"Someone posted this on my business page today and it's so true..."
She is right.
It is awful. There isn't a word to describe it. The pain at times is unbearable and I want to scream at the top of my lungs and ask God, "WHY AM I NOT STILL PREGNANT WITH MY SWEET LITTLE GIRL?? WHY CAN'T SHE GROW UP WITH HER SISTER? WHY CAN'T SHE HAVE A 1ST BIRTHDAY PARTY? OR GET MARRIED? WHY? WHY? WHY? When I get like this I start praying right away and ask God to bring me peace at that moment...because if he doesn't I'm afraid the pain will overtake me and my body can't handle how strong the pain is.
And then, just like that he does. I feel...peace.
I had heard the above passage before Hadley passed away. I think it was on the radio and a parent had called in to KLTY and talked about losing their child. A parent that loses a child doesn't have a name. I even mentioned this the other night when I was talking to my friend Sarah on the phone, before I read Kellie's blog.
I've decided I don't really like this. A parent that loses a child doesn't have a name??
I have many names...even after this.
My name is....
Friend
Teacher
Cousin
Niece
Granddaughter
Sister
Daughter
Daniel's Wife
Briley's Mommy
Hadley's Mommy
Do you know what my most important and treasured name is?
Believer.
Yes, we lost our Hadley. It is definitely not what I saw happening in my life. Ever. But my name is Believer and I will continue to believe, trust, and follow Him.
I'm almost finished with the book, I Will Carry You, by Angie Smith, that I talked about here
a couple days ago. Here is one scripture she quotes that has stood out to me this week.

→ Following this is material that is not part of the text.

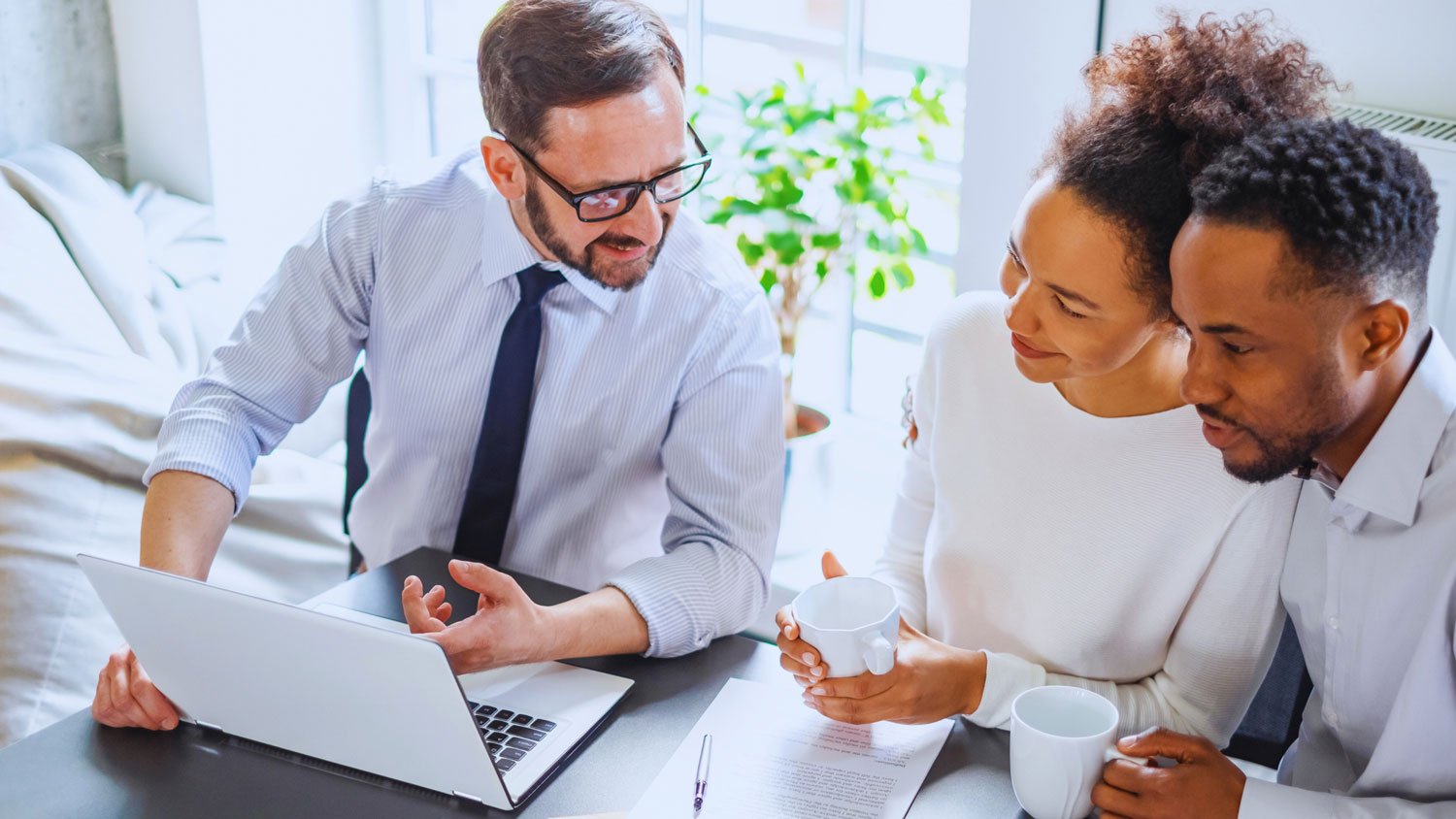 A couple engaged in a legal discussion with a lawyer in a bright office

"Therefore we do not lose heart. Though outwardly we are wasting away, yet inwardly we are being renewed day by day. For our light and momentary troubles are achieving for us an eternal glory that far outweighs them all. So we fix our eyes not on what is seen, but on what is unseen, since what is seen is temporary, but what is unseen is eternal." 2 Corinthians 4:16-18.
I love this passage. I'm rephrasing it for my life right now...
At times I feel like I can't bear the pain anymore, and then you bring me peace.
I know that this painful season in my life is worth everything that I will be a part of in the end.
I'm not going to focus on that Hadley is not here with me, but instead on BELIEVING and trusting in the eternal life you have waiting for me when I come home to her...and you.
I do have a name after the loss of my baby...and it's because of Him that I do.
Have a wonderful week of BELIEVING in him and who you are!!
In Christ's Love,
2 comments:
Melissa--I'm so glad you're sharing your journey as you heal. You are being a light during a time in your life when most people would say it was OK to turn your back. I'm proud to call you my co-worker, Gracie Claire's teacher, friend, and most of all, sister in Christ. Can't wait for you to introduce Hadley to me one day in Heaven. Love you!
I found your blog through Ms. M's blog and I had to comment.
I am so sorry for the loss of your sweet baby girl, Hadley. I, too, am in the club of those without a name - no widow, no orphan.
We just passed the 9 year mark since our son was born still.
I, too, also really enjoyed Angie's book. She and Todd are amazing witnesses and baby Audrey is surely amazing.